> _Work request_: For the listing below, the answer is an exact retyping of the lines from the one with "3D model of a home interior" through the one with "Cute funny Snowman", both included, without pictures.

> _Source data_:
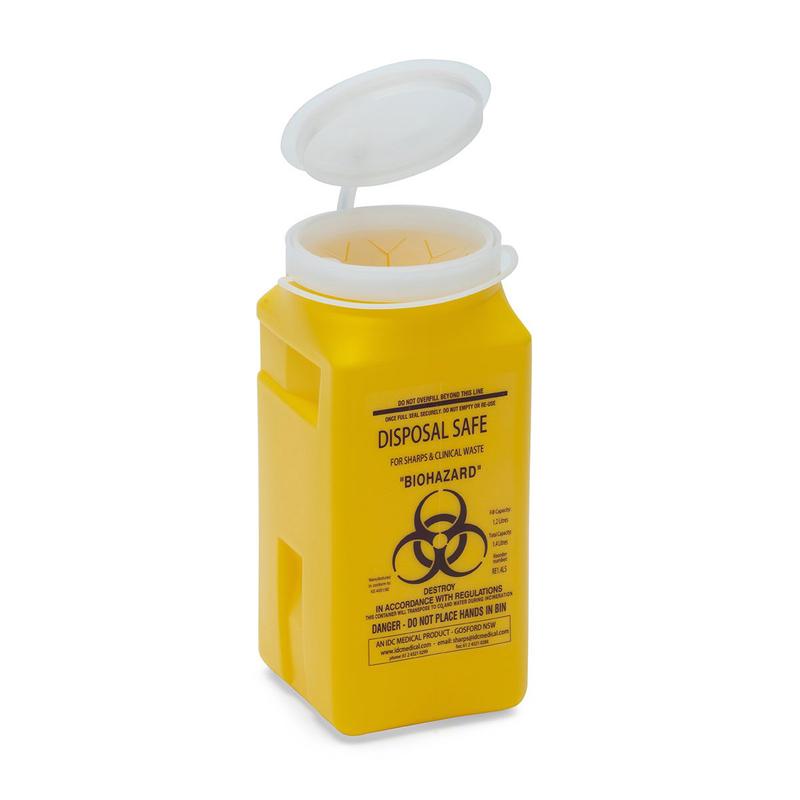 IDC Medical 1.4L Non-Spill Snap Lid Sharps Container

--

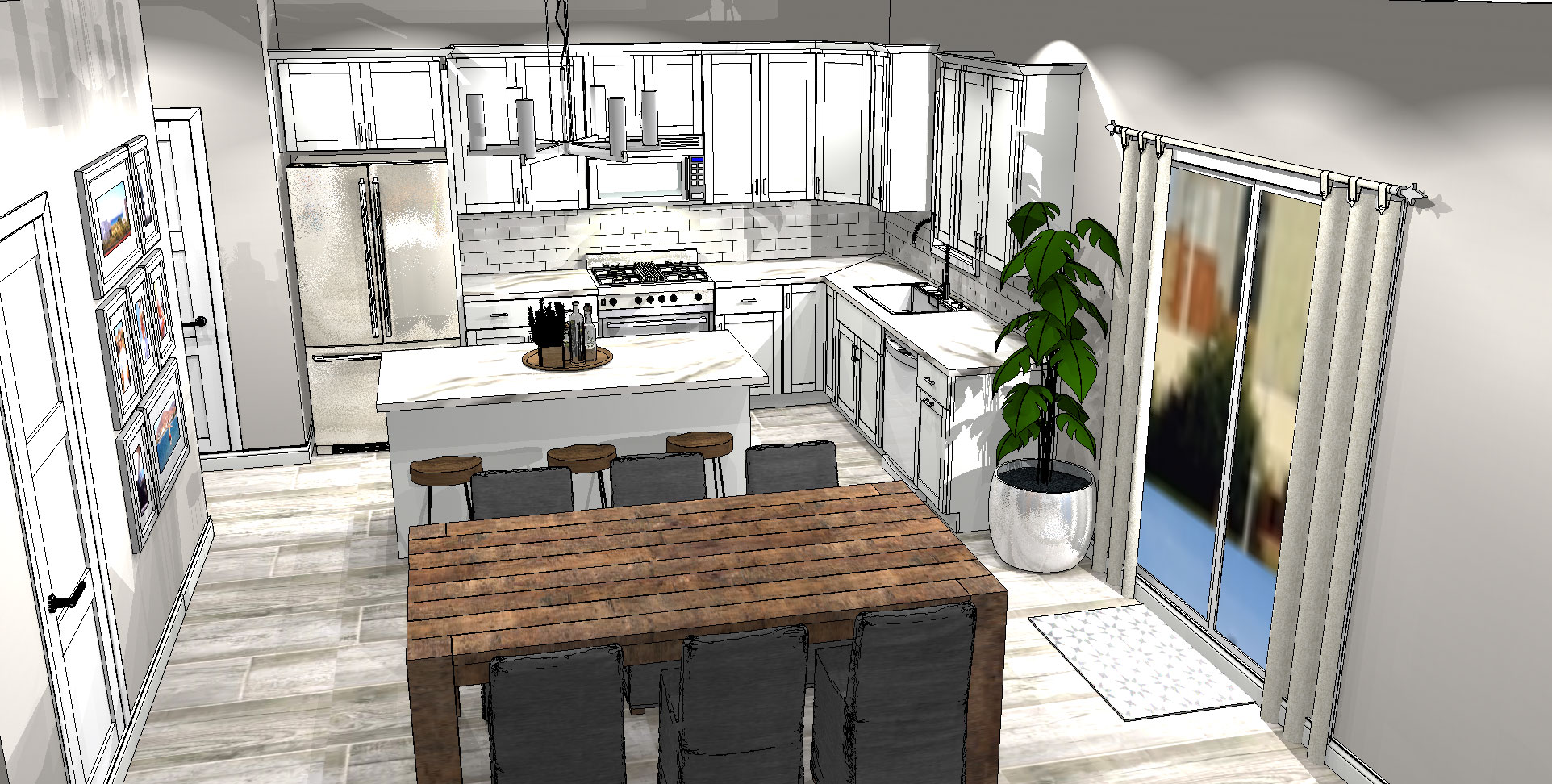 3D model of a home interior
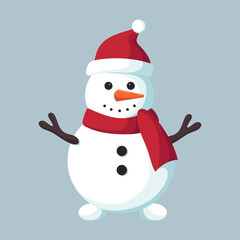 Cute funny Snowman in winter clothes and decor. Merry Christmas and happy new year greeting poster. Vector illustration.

> _Result of the exercise_:
 3D model of a home interior
 Cute funny Snowman in winter clothes and decor. Merry Christmas and happy new year greeting poster. Vector illustration.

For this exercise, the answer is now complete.